**EXERCISE BRIEF**.
Drop the images. Copy every line below character for character.

=== DATA EXTRACTS ===

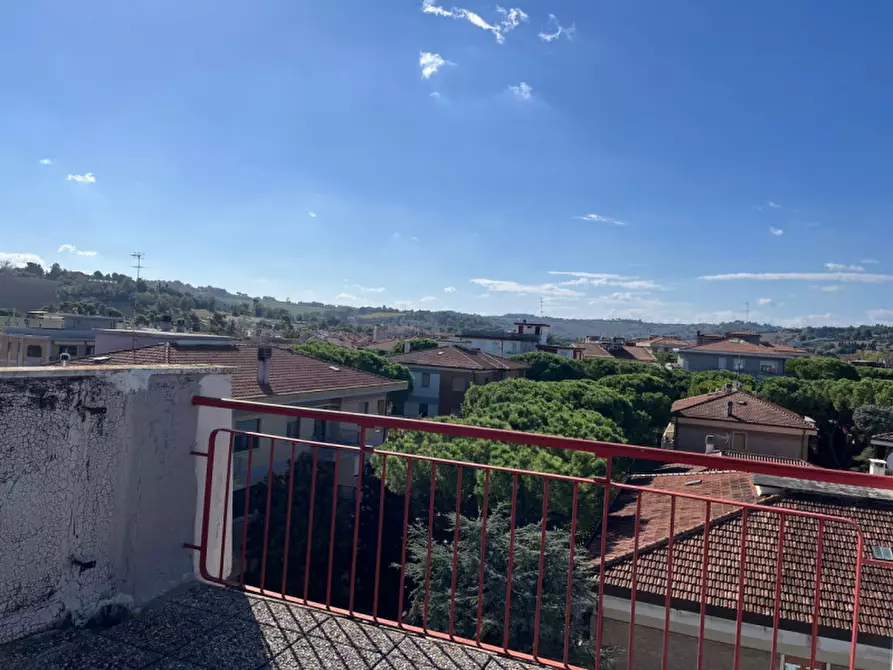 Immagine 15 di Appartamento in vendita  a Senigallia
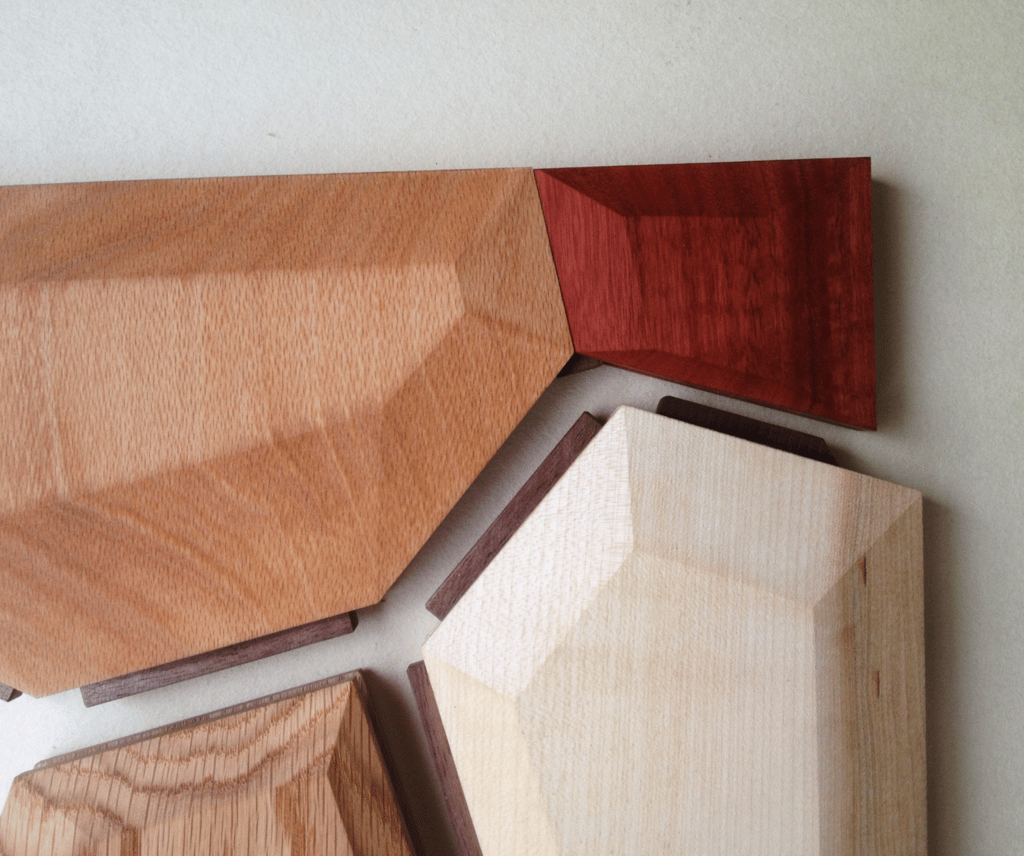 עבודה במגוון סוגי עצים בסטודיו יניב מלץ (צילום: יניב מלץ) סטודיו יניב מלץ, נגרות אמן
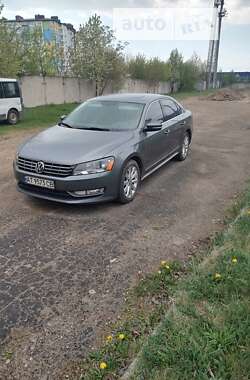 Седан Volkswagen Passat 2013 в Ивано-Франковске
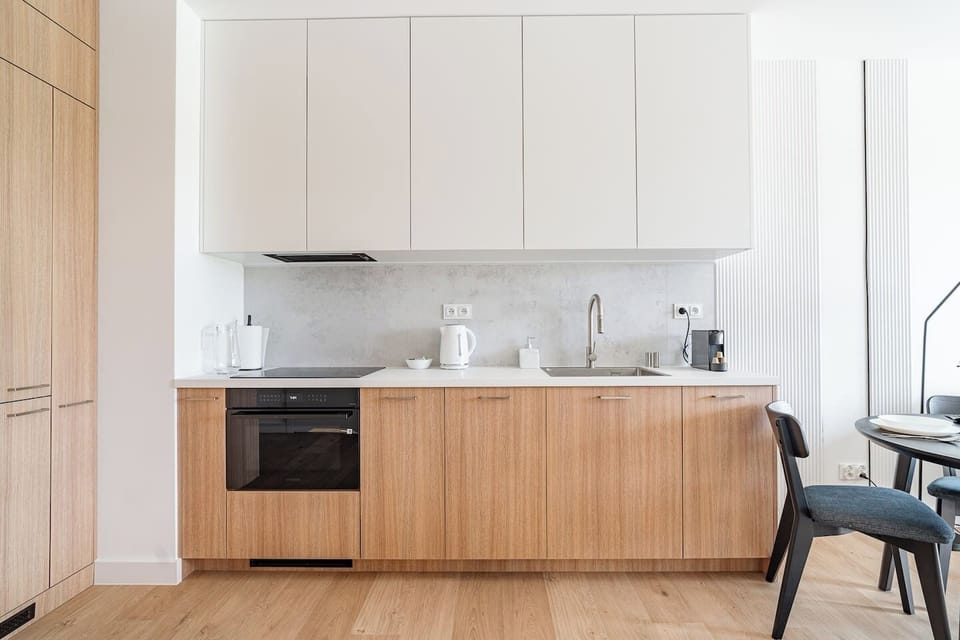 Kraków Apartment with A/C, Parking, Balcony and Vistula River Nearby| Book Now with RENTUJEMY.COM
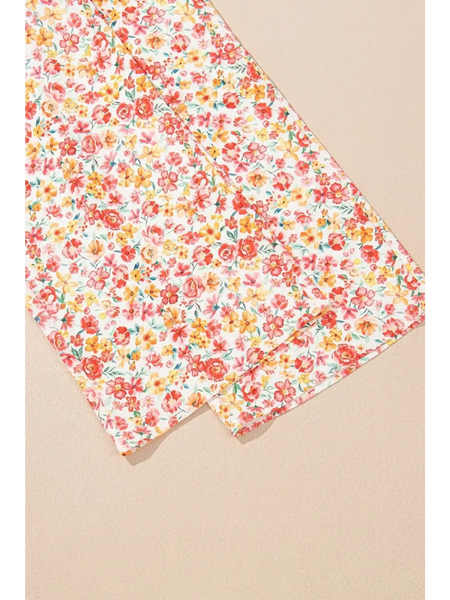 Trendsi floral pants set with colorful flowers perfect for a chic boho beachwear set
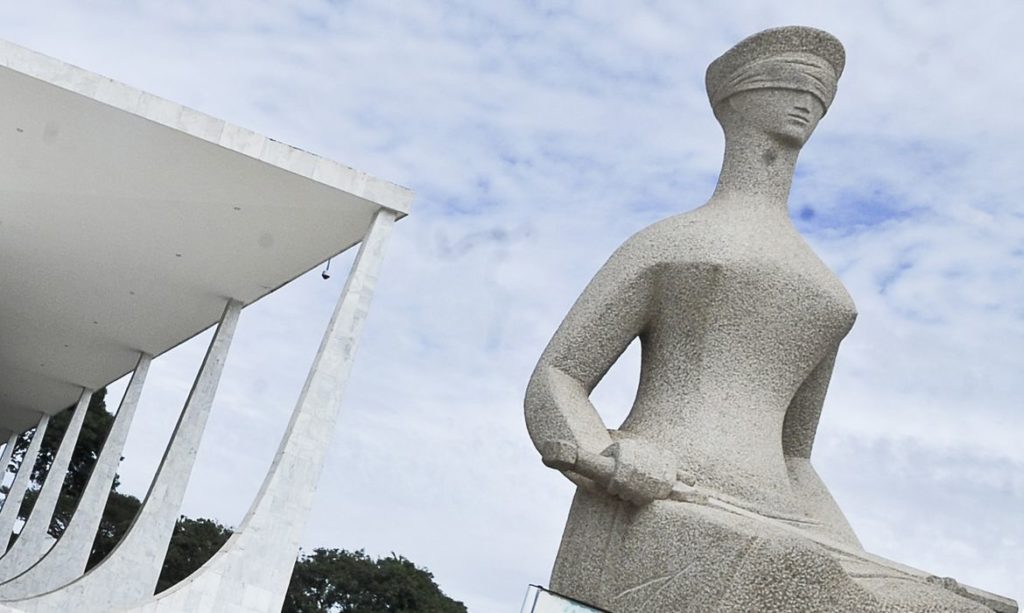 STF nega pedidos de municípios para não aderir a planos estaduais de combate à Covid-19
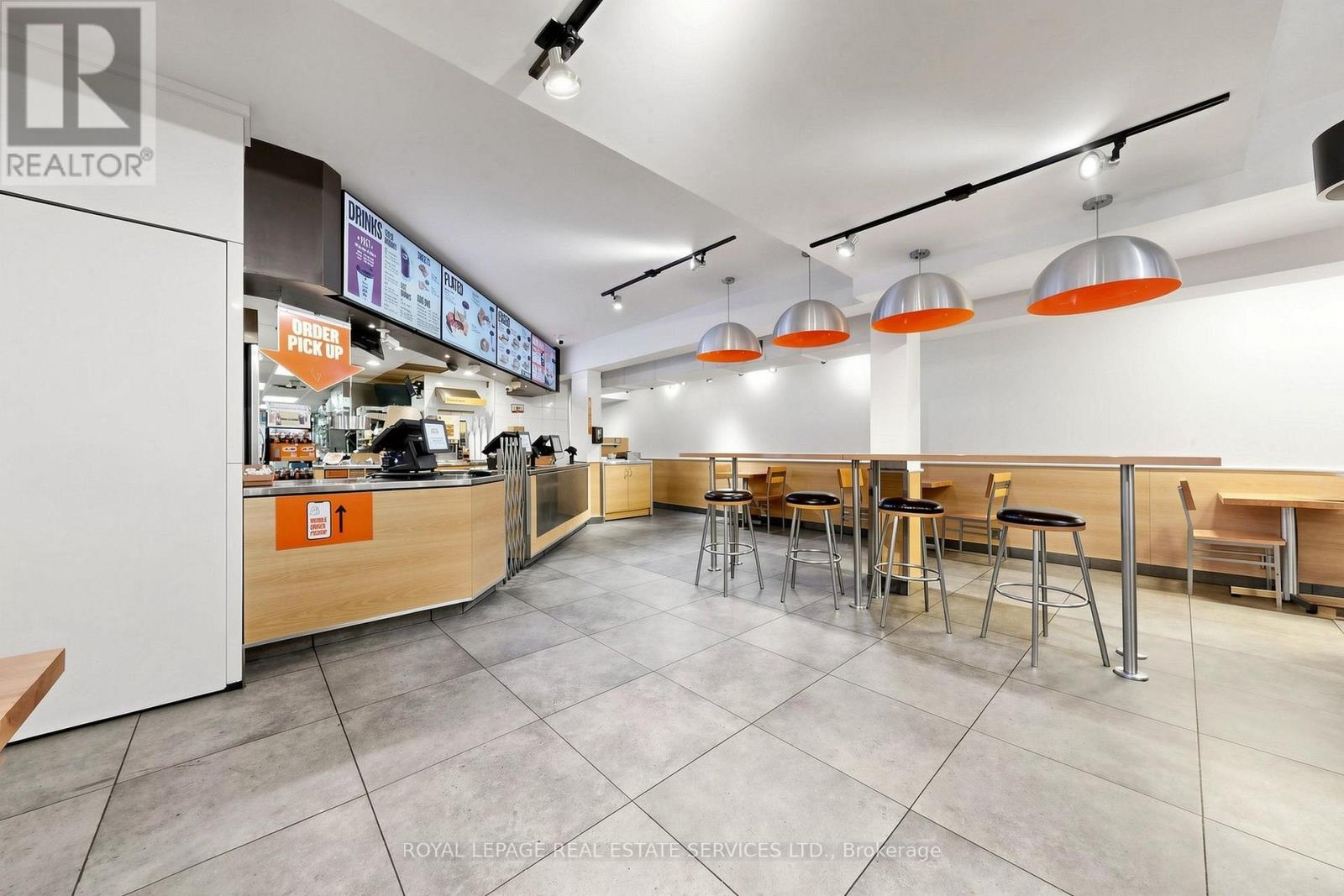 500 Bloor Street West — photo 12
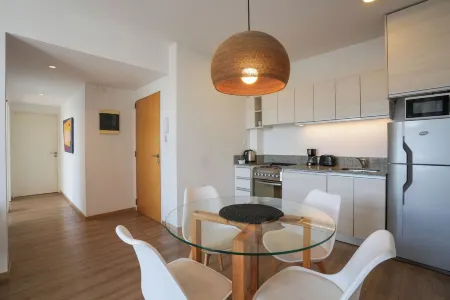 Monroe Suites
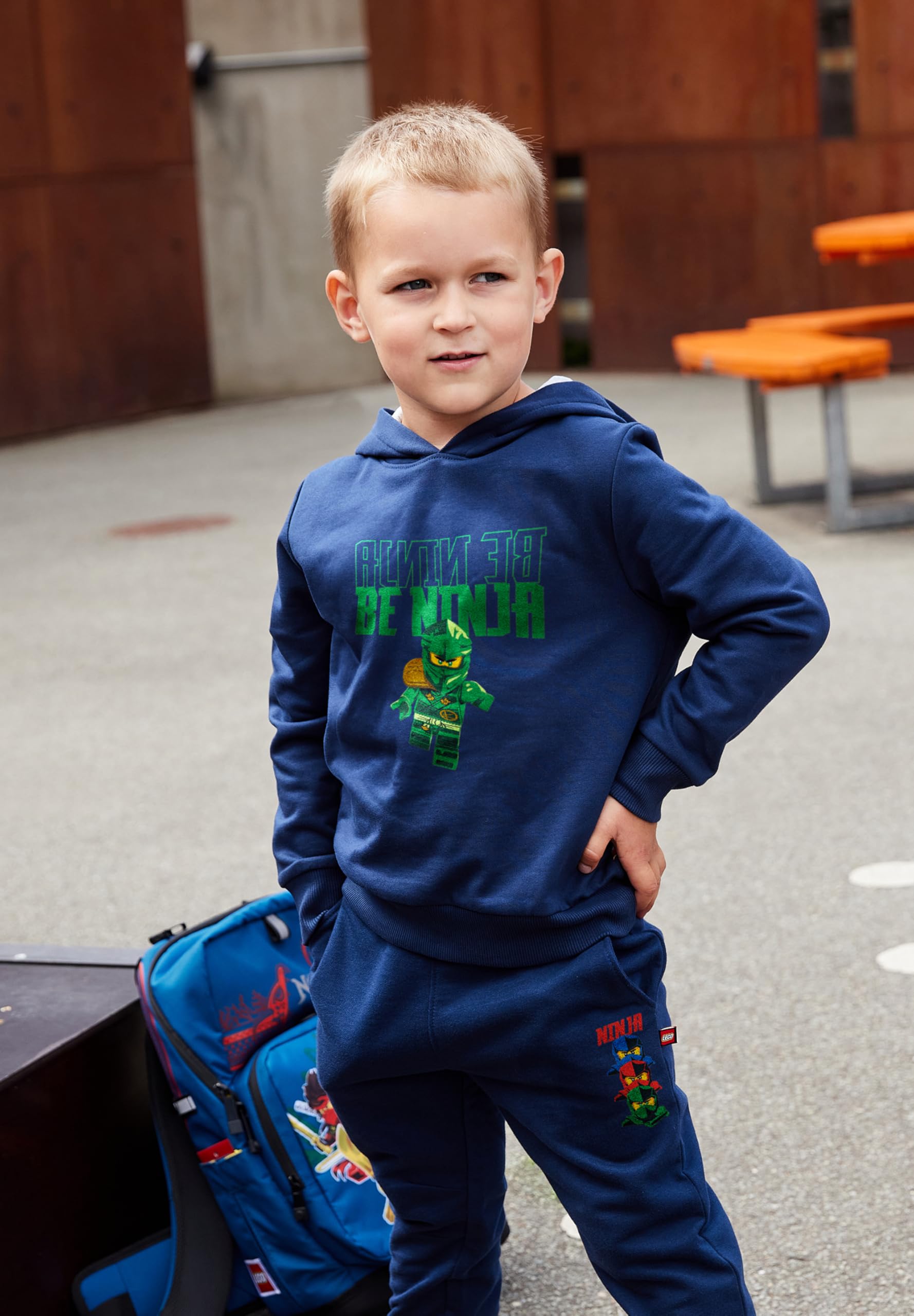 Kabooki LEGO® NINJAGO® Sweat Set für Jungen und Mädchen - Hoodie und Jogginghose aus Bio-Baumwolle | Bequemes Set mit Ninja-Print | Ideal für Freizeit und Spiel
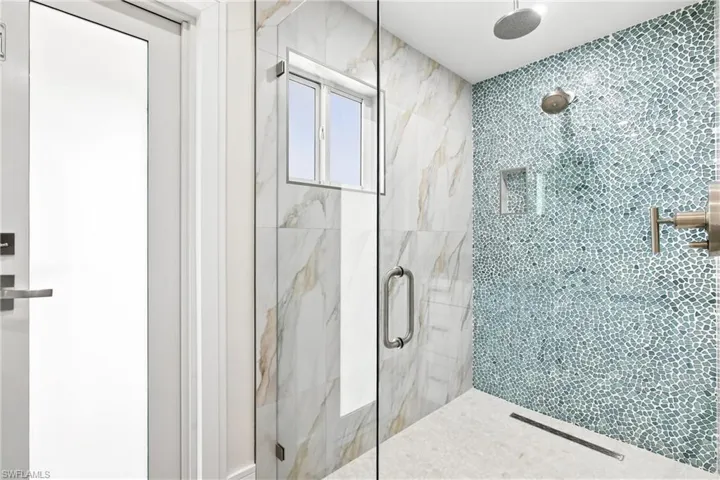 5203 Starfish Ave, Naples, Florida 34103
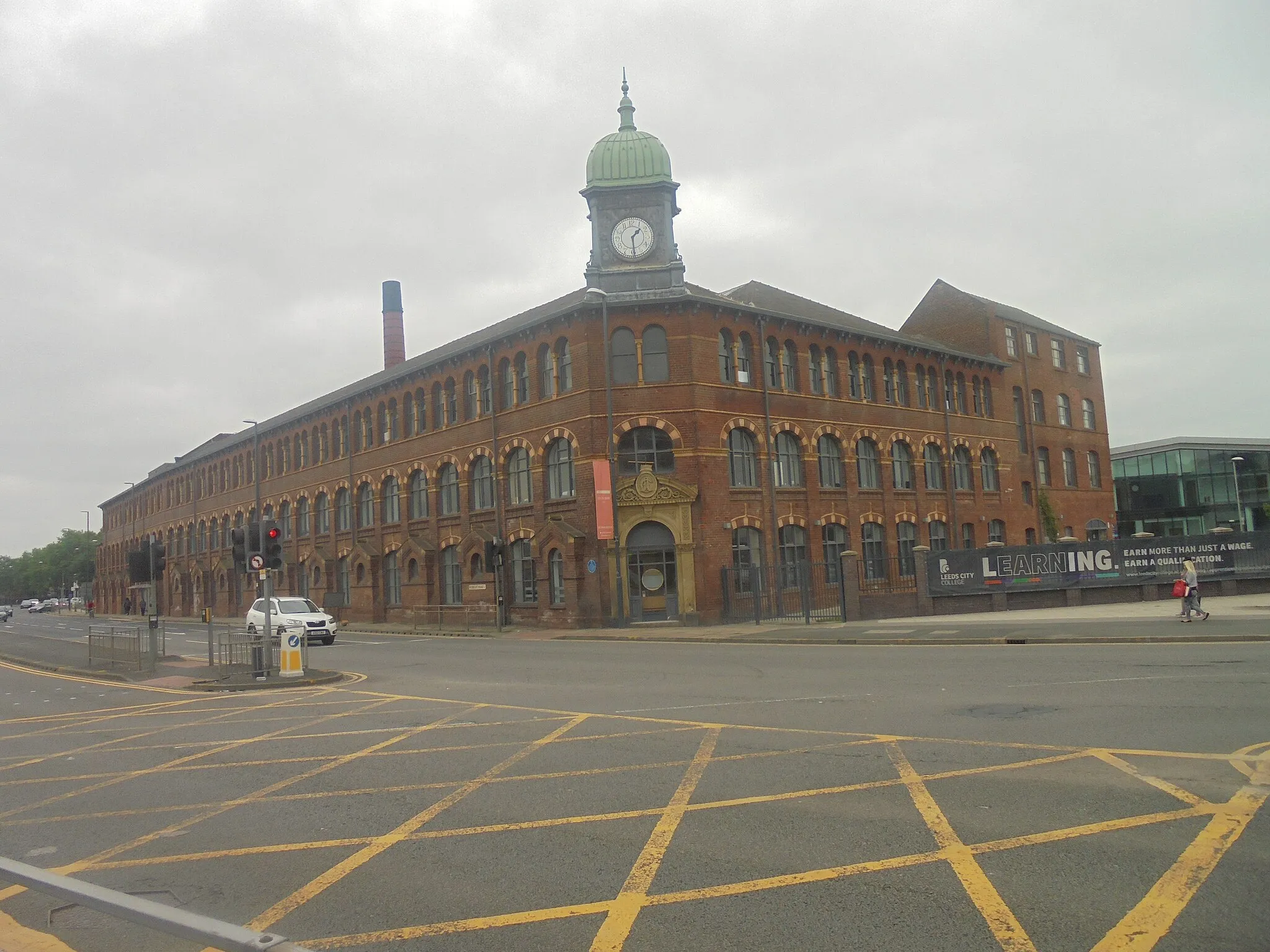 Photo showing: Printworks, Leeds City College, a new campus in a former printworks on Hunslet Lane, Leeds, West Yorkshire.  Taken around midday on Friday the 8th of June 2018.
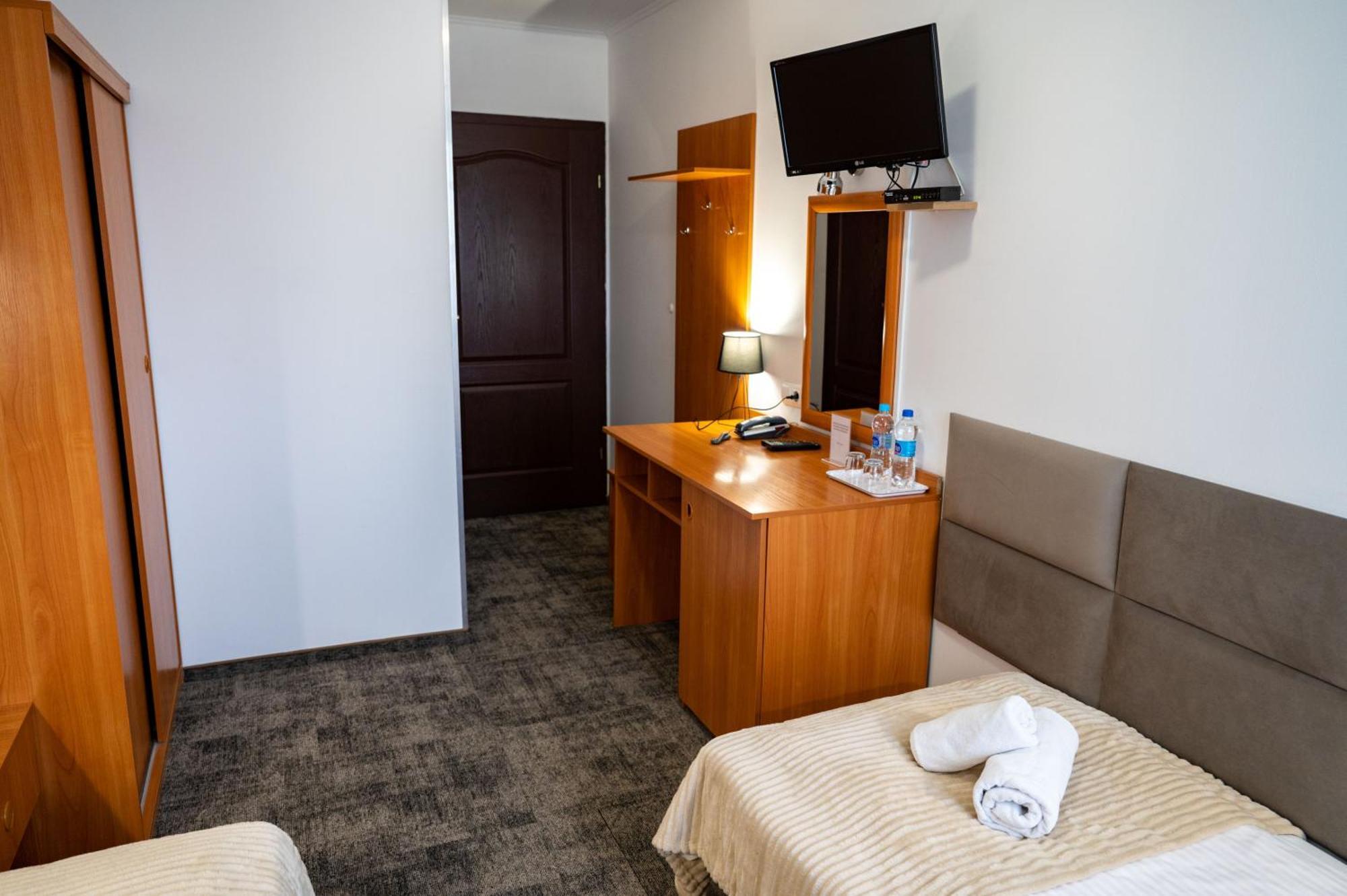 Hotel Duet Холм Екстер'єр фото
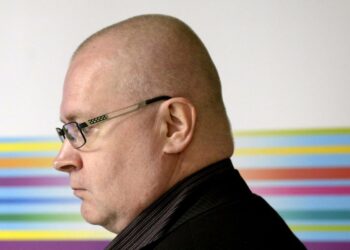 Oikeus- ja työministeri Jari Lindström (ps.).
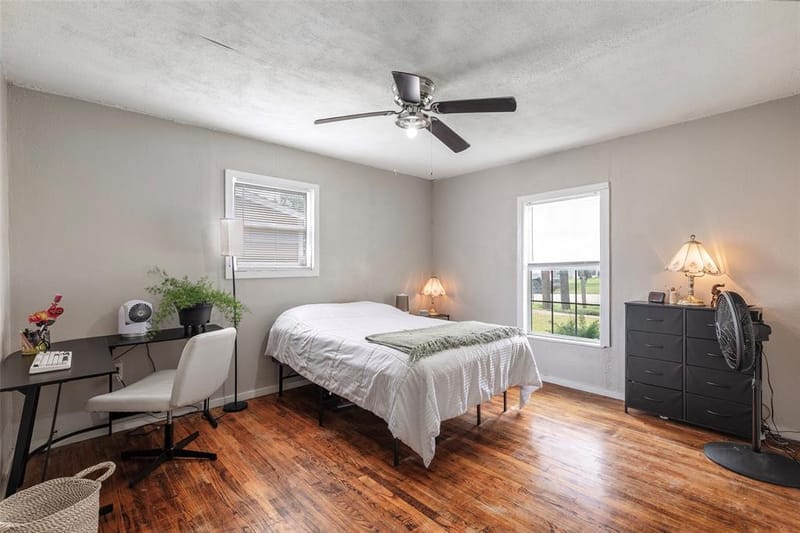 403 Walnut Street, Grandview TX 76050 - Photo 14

===

**YOUR RESPONSE**.
 Immagine 15 di Appartamento in vendita  a Senigallia
 עבודה במגוון סוגי עצים בסטודיו יניב מלץ (צילום: יניב מלץ) סטודיו יניב מלץ, נגרות אמן
 Седан Volkswagen Passat 2013 в Ивано-Франковске
 Kraków Apartment with A/C, Parking, Balcony and Vistula River Nearby| Book Now with RENTUJEMY.COM
 Trendsi floral pants set with colorful flowers perfect for a chic boho beachwear set
 STF nega pedidos de municípios para não aderir a planos estaduais de combate à Covid-19
 500 Bloor Street West — photo 12
 Monroe Suites
 Kabooki LEGO® NINJAGO® Sweat Set für Jungen und Mädchen - Hoodie und Jogginghose aus Bio-Baumwolle | Bequemes Set mit Ninja-Print | Ideal für Freizeit und Spiel
 5203 Starfish Ave, Naples, Florida 34103
 Photo showing: Printworks, Leeds City College, a new campus in a former printworks on Hunslet Lane, Leeds, West Yorkshire.  Taken around midday on Friday the 8th of June 2018.
 Hotel Duet Холм Екстер'єр фото
 Oikeus- ja työministeri Jari Lindström (ps.).
 403 Walnut Street, Grandview TX 76050 - Photo 14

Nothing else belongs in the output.